## TO DO
Output each record verbatim, with pictures left out.

## DATA UNDER STUDY
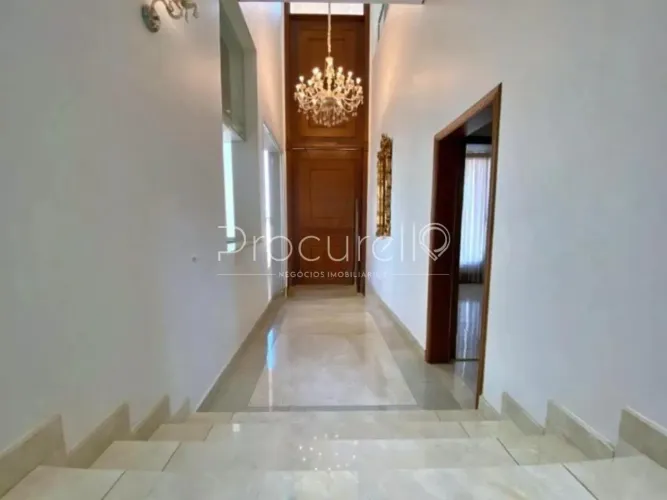 Casa sobrado 437m², 4 quartos sendo 4 suítes, para venda e aluguel - Alphaville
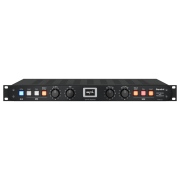 SPL/Gemini Black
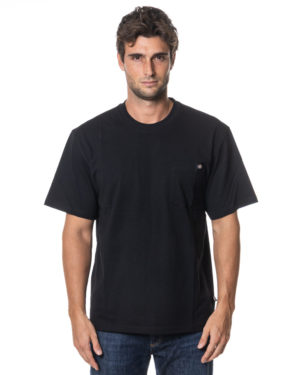 DICKIES T-SHIRT DK0A4YFC NER-1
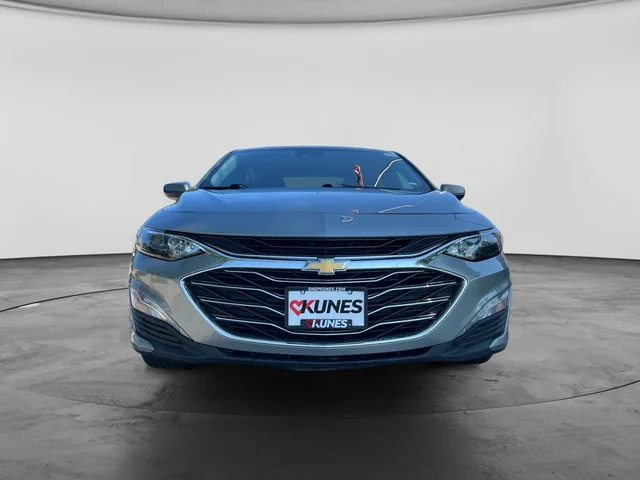 SEMINUEVOS CHEVROLET Malibu a Estados en autogozo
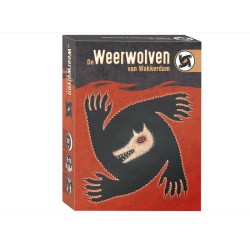 De weerwolven van wakkerdam...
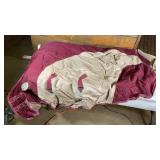 WeatherBeeta Weighted Horse Blanket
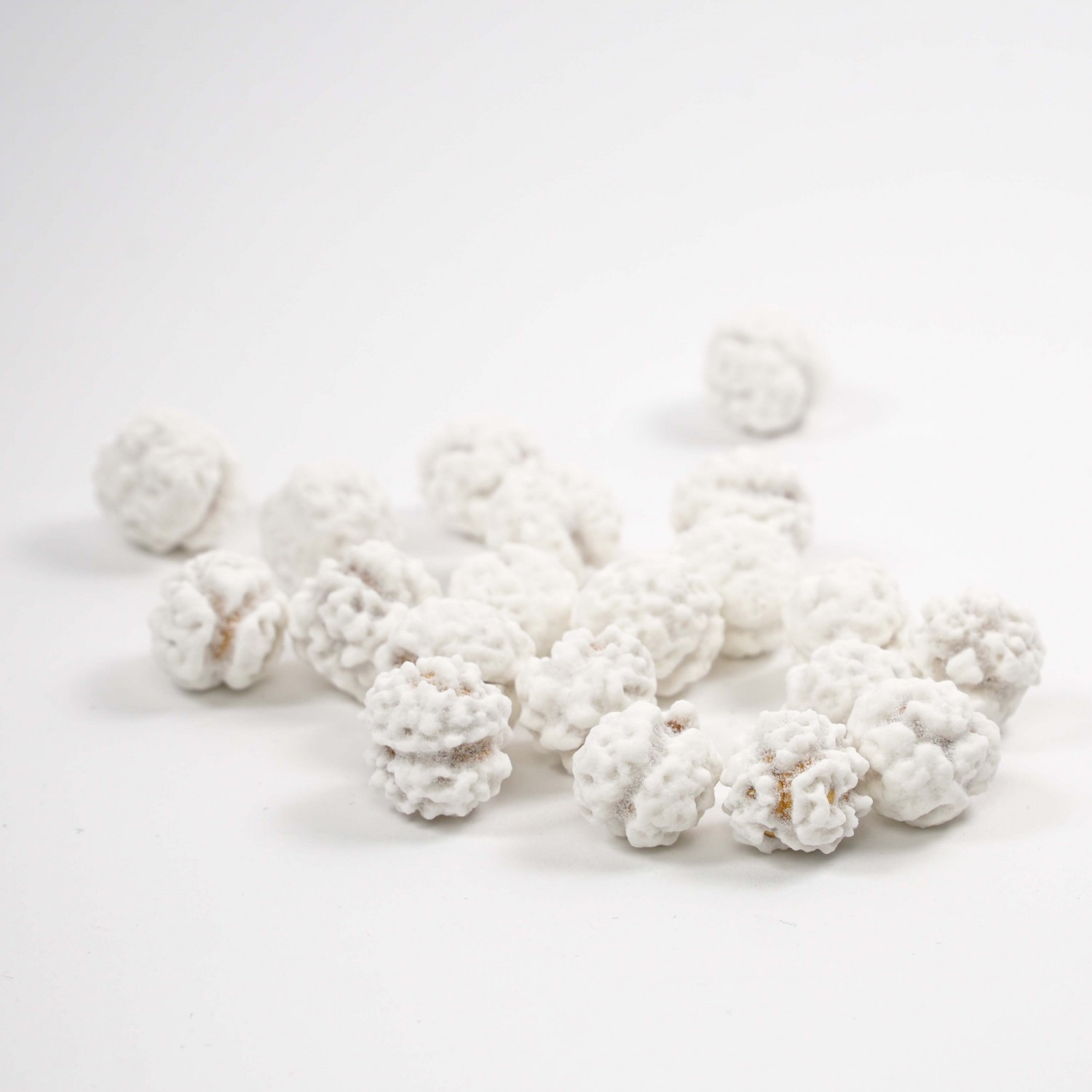 Leblebi Şekeri kg - Kavrulmuş Kuruyemiş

## YOUR SOLUTION
 Casa sobrado 437m², 4 quartos sendo 4 suítes, para venda e aluguel - Alphaville
 SPL/Gemini Black
 DICKIES T-SHIRT DK0A4YFC NER-1
 SEMINUEVOS CHEVROLET Malibu a Estados en autogozo
 De weerwolven van wakkerdam...
 WeatherBeeta Weighted Horse Blanket
 Leblebi Şekeri kg - Kavrulmuş Kuruyemiş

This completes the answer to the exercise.